# rubberdome -&gt; mechanisch umstieg



## Asunis (10. Januar 2018)

hallo leute,

nach ca. 15 jahren rubberdome habe ich mich dazu entschlossen auf eine mechanische tastatur (lk300 lioncast mit red switches) umzusteigen.

nun bin ich also im besitz dieser wunderschönen tastatur. sie fühlt sich mega an.. die höhe der tasten ist einwenig ungewohnt vorallem in handgelenk allerdings weiß ich das ich mich daran gewöhnen werde.

_bin damals vom iphone 4 aufs galaxy s3 umgestiegen. der größen unterschied hat mir auch probleme und leichte schmerzen bereitet aber daran hab ich mich auch gewöhnt^^_

wo ich allerdings bedenken habe das ich mich dran gewöhnen kann ist die empfindlichkeit der tasten. ich spiele zzt ausschließlich shooter. sprich wasd eq 1234 umschalt leertaste und noch vereinzelte tasten.

nun da meine hand eigtl immer auf wasd + leertaste liegt was bei rubber kein problem ist gebe ich bei der lk300 echt oft unbewusst eine aktion ein (meist isses a)

ich merke garnicht das ich die taste drücke weil ich ja nur aufliege eigtl nur sieht man es dann im spiel. ganz ärgerlich bei pubg im auto oder auf dem motorrad wenn man kurz abgelenkt ist und karte aufmacht und das gefährt dann total nach links zieht.
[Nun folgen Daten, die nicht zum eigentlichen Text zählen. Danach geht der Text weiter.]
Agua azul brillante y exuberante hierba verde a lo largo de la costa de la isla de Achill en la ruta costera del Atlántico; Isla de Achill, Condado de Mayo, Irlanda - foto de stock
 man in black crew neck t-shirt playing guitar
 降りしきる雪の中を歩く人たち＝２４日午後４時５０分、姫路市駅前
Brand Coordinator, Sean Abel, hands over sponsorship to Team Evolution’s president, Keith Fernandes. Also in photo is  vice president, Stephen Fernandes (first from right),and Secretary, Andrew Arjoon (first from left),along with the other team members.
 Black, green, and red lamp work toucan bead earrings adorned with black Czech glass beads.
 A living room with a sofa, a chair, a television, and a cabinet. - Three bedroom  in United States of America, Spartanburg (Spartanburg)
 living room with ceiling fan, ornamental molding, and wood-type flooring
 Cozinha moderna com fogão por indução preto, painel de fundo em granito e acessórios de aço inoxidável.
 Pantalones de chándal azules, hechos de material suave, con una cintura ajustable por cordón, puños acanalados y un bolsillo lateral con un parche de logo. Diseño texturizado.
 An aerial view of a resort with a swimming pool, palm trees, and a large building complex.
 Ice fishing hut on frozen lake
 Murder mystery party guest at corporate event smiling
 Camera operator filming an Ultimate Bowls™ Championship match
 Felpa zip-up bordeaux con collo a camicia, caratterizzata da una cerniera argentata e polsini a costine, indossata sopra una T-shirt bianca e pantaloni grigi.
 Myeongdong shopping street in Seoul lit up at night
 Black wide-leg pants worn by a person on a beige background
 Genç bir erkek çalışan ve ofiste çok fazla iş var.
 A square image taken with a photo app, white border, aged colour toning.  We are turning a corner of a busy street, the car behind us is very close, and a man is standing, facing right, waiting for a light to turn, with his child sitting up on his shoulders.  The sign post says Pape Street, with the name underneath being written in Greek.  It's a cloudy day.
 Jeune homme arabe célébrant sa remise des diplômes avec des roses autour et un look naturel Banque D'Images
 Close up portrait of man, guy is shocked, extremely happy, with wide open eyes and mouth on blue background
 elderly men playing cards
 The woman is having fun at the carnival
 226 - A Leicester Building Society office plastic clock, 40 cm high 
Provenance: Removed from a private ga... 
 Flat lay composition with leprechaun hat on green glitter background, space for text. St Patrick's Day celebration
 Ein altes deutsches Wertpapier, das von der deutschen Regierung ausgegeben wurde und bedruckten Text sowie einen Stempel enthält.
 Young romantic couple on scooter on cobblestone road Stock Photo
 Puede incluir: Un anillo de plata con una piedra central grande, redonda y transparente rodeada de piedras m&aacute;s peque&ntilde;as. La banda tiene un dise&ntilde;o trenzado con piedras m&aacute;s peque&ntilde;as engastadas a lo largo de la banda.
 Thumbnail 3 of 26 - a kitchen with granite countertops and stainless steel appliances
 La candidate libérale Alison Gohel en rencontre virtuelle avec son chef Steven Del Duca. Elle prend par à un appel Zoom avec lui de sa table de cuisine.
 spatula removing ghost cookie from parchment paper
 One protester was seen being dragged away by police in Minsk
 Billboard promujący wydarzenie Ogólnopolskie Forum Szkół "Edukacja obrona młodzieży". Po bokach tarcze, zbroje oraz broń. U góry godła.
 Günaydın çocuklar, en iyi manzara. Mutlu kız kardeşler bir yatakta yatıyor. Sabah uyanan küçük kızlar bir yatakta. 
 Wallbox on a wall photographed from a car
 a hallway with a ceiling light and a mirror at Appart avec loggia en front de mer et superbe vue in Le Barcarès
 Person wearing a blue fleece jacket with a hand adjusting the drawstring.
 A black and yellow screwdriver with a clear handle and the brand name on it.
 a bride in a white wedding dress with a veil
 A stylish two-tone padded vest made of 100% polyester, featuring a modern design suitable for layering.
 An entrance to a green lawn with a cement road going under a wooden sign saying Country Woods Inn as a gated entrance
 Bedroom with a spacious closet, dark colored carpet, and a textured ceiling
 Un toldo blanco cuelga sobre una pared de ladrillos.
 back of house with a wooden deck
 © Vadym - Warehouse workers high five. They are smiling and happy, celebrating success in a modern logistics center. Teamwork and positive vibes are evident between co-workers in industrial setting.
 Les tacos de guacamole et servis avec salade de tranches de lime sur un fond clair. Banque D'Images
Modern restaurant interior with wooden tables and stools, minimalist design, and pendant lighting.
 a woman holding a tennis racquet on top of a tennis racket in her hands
wie war das bei euch ? konntet ihr gleiches feststellen? habt ihr euch dran gewöhnt? habt ihr sogar vlt. tipps wie ich das verhindern kann ? wie ich mich besser daran gewöhnen kann?

danke und gruß


----------



## MichaelG (10. Januar 2018)

Gut, ich bin auch von Rubberdome auf mechanisch umgestiegen. Zuerst auf eine Roccat, jetzt habe ich eine Logitech G 910?. Ich spiele aber nicht WASD sondern über Pfeiltasten. Hatte mit der Umstellung (anfangs abgesehen von der Tastenhöhe) aber 0 Probleme. Ich möchte die mechanische mittlerweile nicht mehr missen.


----------



## Asunis (10. Januar 2018)

Gut Pfeiltasten bei nem Shooter reichen halt nicht^^ da braucht man halt E Q umschalt strg x v 1234 auch noch am besten gleichzeitig..


----------



## MichaelG (10. Januar 2018)

Och bei mir klappt das.   Bin das seit rund 27 Jahren so gewohnt.   Aber ich denke mal hier werden sich noch deutlich mehr Leute zu Wort melden die von Rubberdome (vermute mal Logitech ?) auf mechanisch umgestiegen sind und 98% davon spielen so wie Du WASD.


----------



## Asunis (10. Januar 2018)

ich hoffe es  hab mir jetzt aber nochmal eine MX Brown switch tasta bestellt um den direkten vergleich zu haben


----------



## MichaelG (10. Januar 2018)

Ich gehe davon aus. Ich als Pfeiltasten-Gamer bin eher ein Exot.


----------



## Herbboy (10. Januar 2018)

Bei den Brown-Tasten hast du an sich einen spürbaren Widerstand, den du überwinden musst, bis die Taste wirklich auslöst. Das ist sogar besser als zB bei den Red-Tasten, die keinen haben. Drück die Tasten doch mal bewusst gaaaanz langsam runter, dann müsstest du den Punkt auch spüren. 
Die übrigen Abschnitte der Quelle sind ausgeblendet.